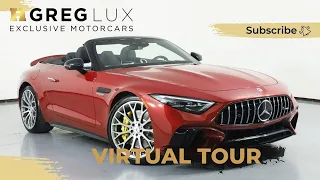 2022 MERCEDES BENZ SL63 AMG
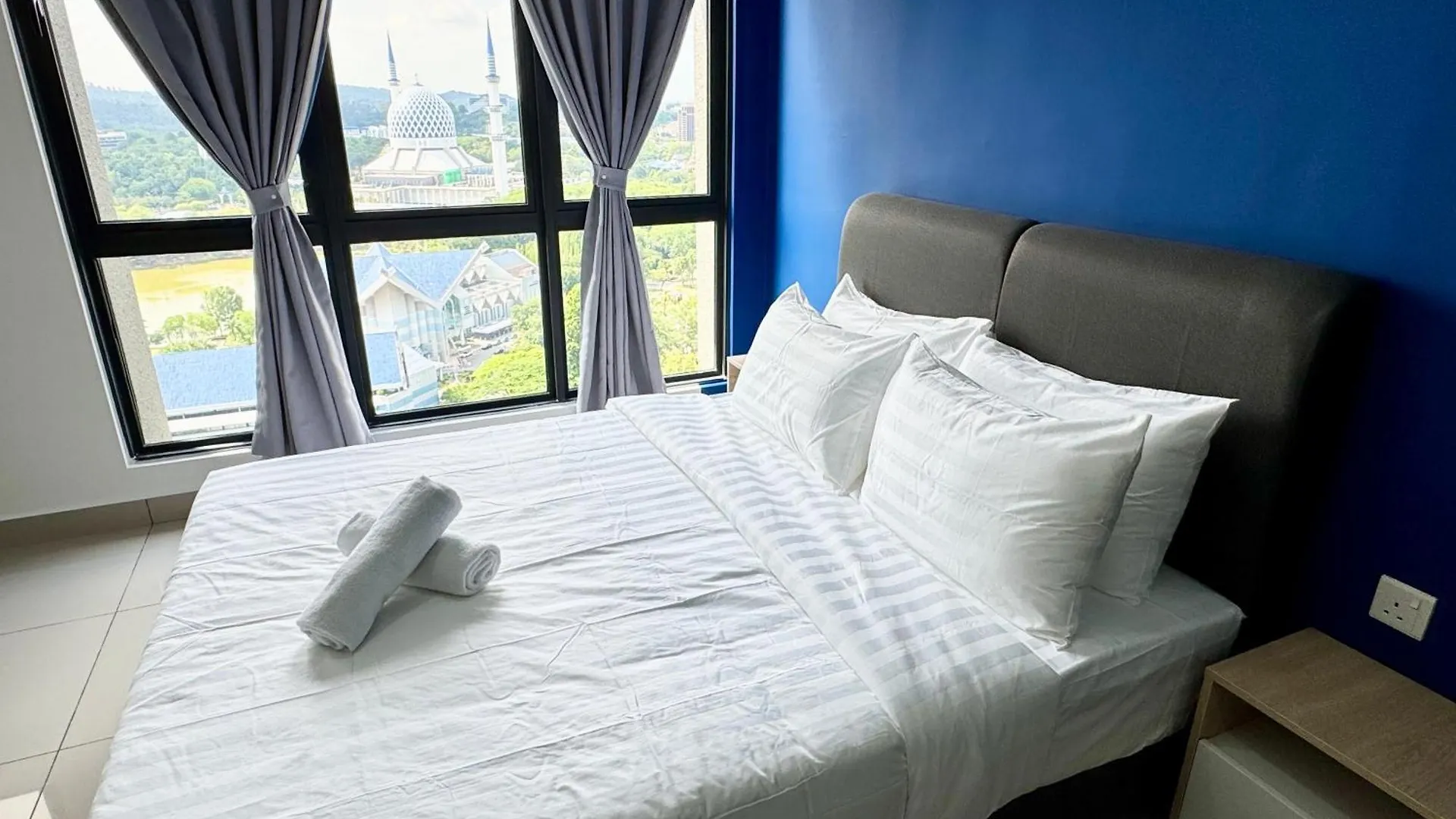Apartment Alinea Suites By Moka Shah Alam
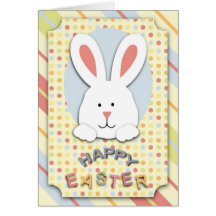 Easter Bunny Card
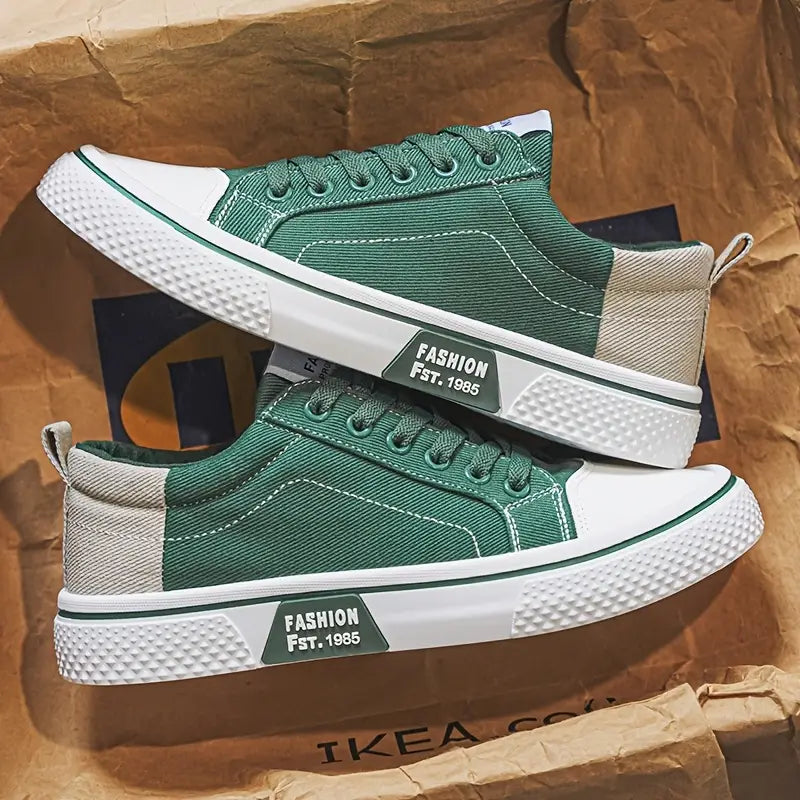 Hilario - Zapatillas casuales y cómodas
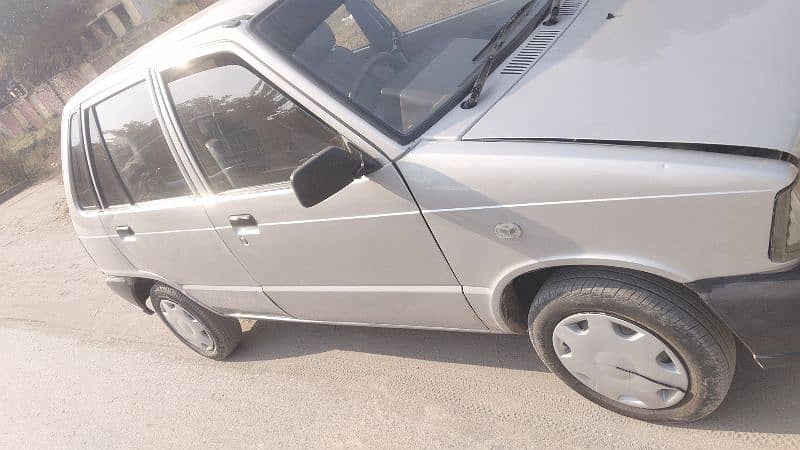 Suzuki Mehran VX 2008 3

---

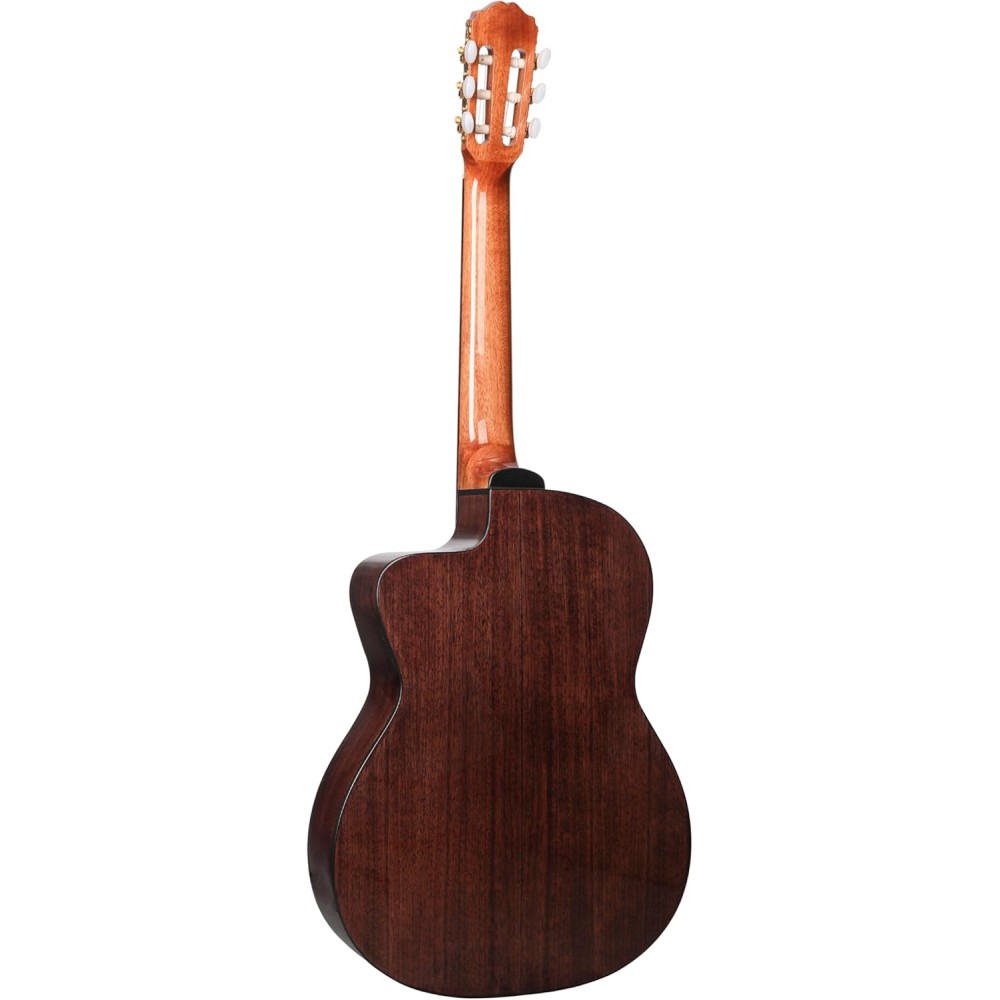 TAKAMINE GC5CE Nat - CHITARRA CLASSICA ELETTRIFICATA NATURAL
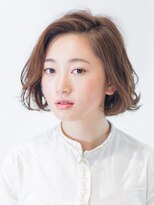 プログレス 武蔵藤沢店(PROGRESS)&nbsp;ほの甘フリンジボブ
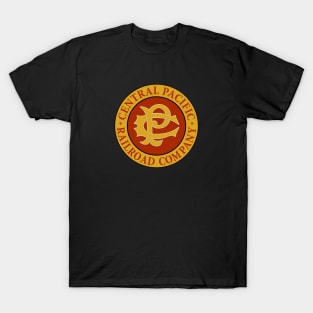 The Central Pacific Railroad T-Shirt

---

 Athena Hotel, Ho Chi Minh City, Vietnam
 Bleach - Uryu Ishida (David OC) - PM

What needs to be done - Would you output the lines above from the line holding "2022 MERCEDES BENZ SL63 AMG" up to and including the line holding "Suzuki Mehran VX 2008 3", exactly and only those, with no pictures?

Task output -
 2022 MERCEDES BENZ SL63 AMG
Apartment Alinea Suites By Moka Shah Alam
 Easter Bunny Card
 Hilario - Zapatillas casuales y cómodas
 Suzuki Mehran VX 2008 3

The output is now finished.